The real problem with research is this: you can't research everything. So even a writer as well-informed as Alan Powers has this to say about Harold Curwen's studies in the new lettering, '...he spent a year studying calligraphy with (Edward) Johnston at the Central School in London...'
A year to most of us would mean just that, a period of continuous study. The truth is Johnston's class, Writing and Illumination, took place weekly, on a Monday evening, between 7 and 9.30 pm. And this would all be inexcusable pedantry on my part except for this: we now forget how important evening classes were for vocational study for men and women from all backgrounds. Night school was the popular term and many people who attended gained qualifications necessary for them to succeed. Some years before Harold Curwen attended the class at the Central School, Alan Seaby had to take all his early art classes in exactly the same way. His father had died young and he had to help support the family as a pupil-teacher. It wasn't untill he had passed national examinations at evening classes held at Reading School of Art that he won a place at the University College there. Night school was a way up for all kinds of people.

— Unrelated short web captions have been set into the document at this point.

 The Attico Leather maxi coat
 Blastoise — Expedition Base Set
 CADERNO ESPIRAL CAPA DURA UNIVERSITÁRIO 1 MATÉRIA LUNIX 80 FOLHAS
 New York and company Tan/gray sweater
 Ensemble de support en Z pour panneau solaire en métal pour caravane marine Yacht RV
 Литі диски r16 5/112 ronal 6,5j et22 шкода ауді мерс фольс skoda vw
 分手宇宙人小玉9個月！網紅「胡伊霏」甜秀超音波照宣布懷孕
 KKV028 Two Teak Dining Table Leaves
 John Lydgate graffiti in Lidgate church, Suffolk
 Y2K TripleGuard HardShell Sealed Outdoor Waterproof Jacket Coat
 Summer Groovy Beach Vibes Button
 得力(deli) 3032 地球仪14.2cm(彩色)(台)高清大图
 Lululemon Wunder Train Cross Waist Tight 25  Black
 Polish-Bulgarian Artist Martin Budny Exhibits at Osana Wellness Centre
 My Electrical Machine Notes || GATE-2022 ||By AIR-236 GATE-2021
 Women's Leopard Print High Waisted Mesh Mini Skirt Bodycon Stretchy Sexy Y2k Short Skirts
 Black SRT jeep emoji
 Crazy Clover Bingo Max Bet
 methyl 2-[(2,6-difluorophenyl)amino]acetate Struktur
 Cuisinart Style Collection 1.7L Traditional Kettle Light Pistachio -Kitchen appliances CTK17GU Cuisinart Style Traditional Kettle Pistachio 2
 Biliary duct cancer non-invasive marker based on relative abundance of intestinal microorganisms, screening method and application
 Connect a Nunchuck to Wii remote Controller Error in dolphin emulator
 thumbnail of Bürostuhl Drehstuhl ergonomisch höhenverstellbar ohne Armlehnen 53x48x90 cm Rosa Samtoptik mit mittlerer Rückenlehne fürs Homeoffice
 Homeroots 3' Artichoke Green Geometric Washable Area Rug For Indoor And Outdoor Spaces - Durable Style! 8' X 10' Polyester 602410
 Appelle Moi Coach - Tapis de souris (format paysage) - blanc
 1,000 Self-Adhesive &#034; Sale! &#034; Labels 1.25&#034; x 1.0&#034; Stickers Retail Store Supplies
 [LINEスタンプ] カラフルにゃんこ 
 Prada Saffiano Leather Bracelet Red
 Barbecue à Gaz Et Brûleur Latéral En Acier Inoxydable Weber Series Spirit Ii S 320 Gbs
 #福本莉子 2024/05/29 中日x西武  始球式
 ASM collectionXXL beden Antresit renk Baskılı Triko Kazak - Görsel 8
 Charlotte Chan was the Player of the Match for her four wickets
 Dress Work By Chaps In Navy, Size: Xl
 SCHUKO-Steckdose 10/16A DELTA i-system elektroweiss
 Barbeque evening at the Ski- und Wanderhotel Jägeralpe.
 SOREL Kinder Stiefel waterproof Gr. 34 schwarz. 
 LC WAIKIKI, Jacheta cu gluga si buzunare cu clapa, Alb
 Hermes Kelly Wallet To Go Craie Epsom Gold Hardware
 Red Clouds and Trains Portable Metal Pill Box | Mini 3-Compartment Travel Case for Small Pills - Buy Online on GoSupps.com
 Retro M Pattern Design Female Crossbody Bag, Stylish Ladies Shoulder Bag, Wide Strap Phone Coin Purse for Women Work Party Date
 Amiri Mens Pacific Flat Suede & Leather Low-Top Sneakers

All that the courses at the time Curwen was at the Central School had in common with provincial evening classes was the time of day. By 1908, the year Curwen left, even that was changing. Sidney Lee's class had moved to an afternoon. As for other staff, Edward Johnston was fast becoming the leading figure in the revival of British lettering, Eric Gill was teaching design for monumental masons, Noel Rooke was kick-starting modern wood-engraving in the book-production department. It was not so much a matter of how much time you spent there, as how you learned. JD Batten famously went into Johnston's class one day asking if any student could cut lettering in stone and Johnston had put forward Eric Gill who he went on to describe as 'the stone-mason who is cutting the tomb-stone for Mr Batten'. (Batten was forty-five at the time).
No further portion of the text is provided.